Syukur Itu Indah
Sebagai penyakit hati, keserakahan timbul akibat diri enggan bersyukur.
REPUBLIKA.CO.ID, JAKARTA -- Ada banyak ayat Alquran yang menegaskan pentingnya bersyukur. Tak terhitung jumlah rezeki yang Allah karuniakan untuk manusia, baik mereka yang beriman maupun menolak kebenaran. Dia adalah ar-Rahmaan (Maha-pengasih) dan ar-Rahiim (Maha-penyayang). Kekuasaan-Nya meliputi seluruh alam semesta.
"Sesungguhnya Allah mempunyai karunia terhadap manusia, tetapi kebanyakan manusia tidak bersyukur" (QS al-Baqarah: 243).

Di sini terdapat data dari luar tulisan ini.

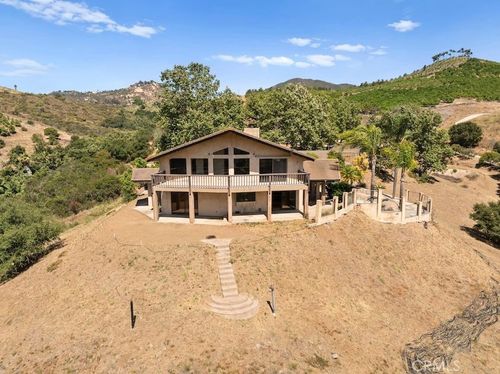 879 Stewart Canyon Rd, Fallbrook, CA, 92028-8208 | Card Image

Bisa jadi, selama ini kita menjalani kehidupan tanpa rasa syukur. Kita merasa semua yang diperoleh sudah selayaknya menjadi hak diri. Karena itu, ketika tidak mendapatkan sesuatu yang diinginkan atau diidam-idamkan, kita menjadi kesal. Mungkin juga kecewa, lalu mencela kehidupan.

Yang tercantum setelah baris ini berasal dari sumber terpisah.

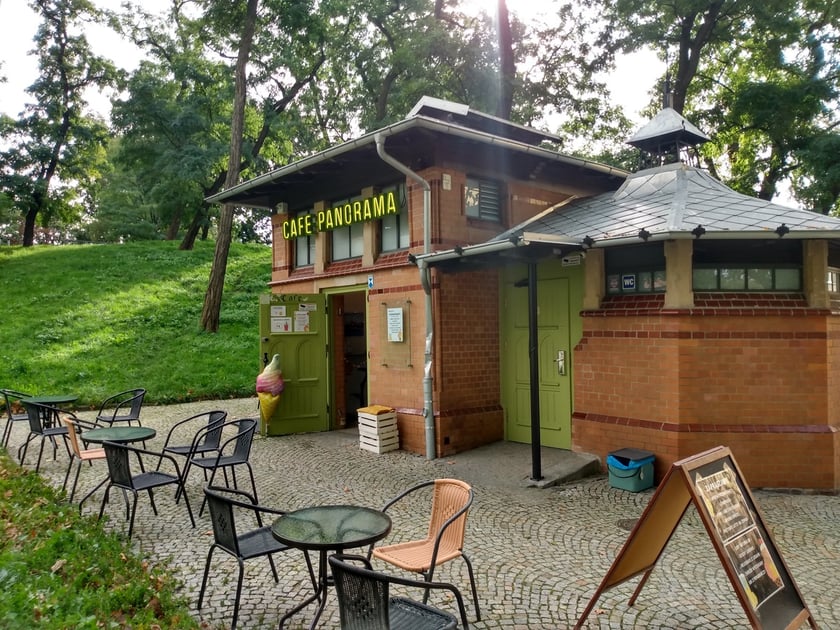 W Cafe Panorama napijemy się kawy i lemoniady siedząc wśród starych drzew i obserwując w oddali Ostrów Tumski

Kita sering memusatkan perhatian pada keinginan dan ego diri. Padahal, sebenarnya apa-apa yang diinginkan itu tidak kita butuhkan. Perhatian tidak berpusat pada segala yang telah dan sedang menjadi milik kita.
Akibatnya, kita masih merasa kurang dengan apa yang sedang dimiliki saat ini. Selain itu, muncul kecenderungan untuk membanding-bandingkan diri dengan orang lain. Kita menganggap orang lain lebih beruntung.
Sering kali, kita menetapkan syarat yang sangat sulit untuk bisa dipenuhi agar bisa berbahagia. Kita akan senang kalau mempunyai sesuatu yang dimiliki orang lain. Namun, begitu mendapatkannya, kesenangan yang muncul hanyalah sesaat.
Kita tetap tak puas dan menginginkan yang lebih lagi. Tak pernah merasa cukup dengan banyaknya harta yang dimiliki.
Bila itu yang terjadi, kita memang belum bersyukur. Nafsu yang bersemayam dalam hati menjadi berhala. Justru, kita sendiri yang menjadi budaknya. Inilah akar segala ketidakbahagiaan.
Orang yang tidak bersyukur berarti tidak tahu diri. Hatinya dikuasai oleh keserakahan sehingga menjadi tidak peduli, sebanyak apa pun ia memperoleh. Pandangan matanya diliputi keserakahan. Ketika hanya memperoleh sedikit daripada yang telah direncanakannya, ia menolak untuk berterima kasih.
Dalam hidup ini, kita tak selalu mendapatkan segala yang disukai. Karena itu, kita mesti belajar menyukai apa pun yang didapatkan. Belajar untuk mewujudkan perasaan syukur. Bersyukur adalah sikap menerima dengan lapang dada, senang, tulus, pasrah, dan berterima kasih.
Dengan demikian, syukur merupakan kualitas hati yang terpenting. Orang yang kaya bukanlah yang memiliki banyak harta, melainkan yang dapat menikmati apa-apa yang dimiliki. Artinya, merasa cukup dengan apa yang ada (qana'ah).
Hidup akan lebih bahagia kalau kita dapat memiliki sifat qana'ah. Dengan bersyukur, perasaan damai dan tenteram akan senantiasa meliputi diri kita. Sebaliknya, perasaan tak bersyukur akan senantiasa membebani. Kita akan selalu merasa kurang dan tak bahagia.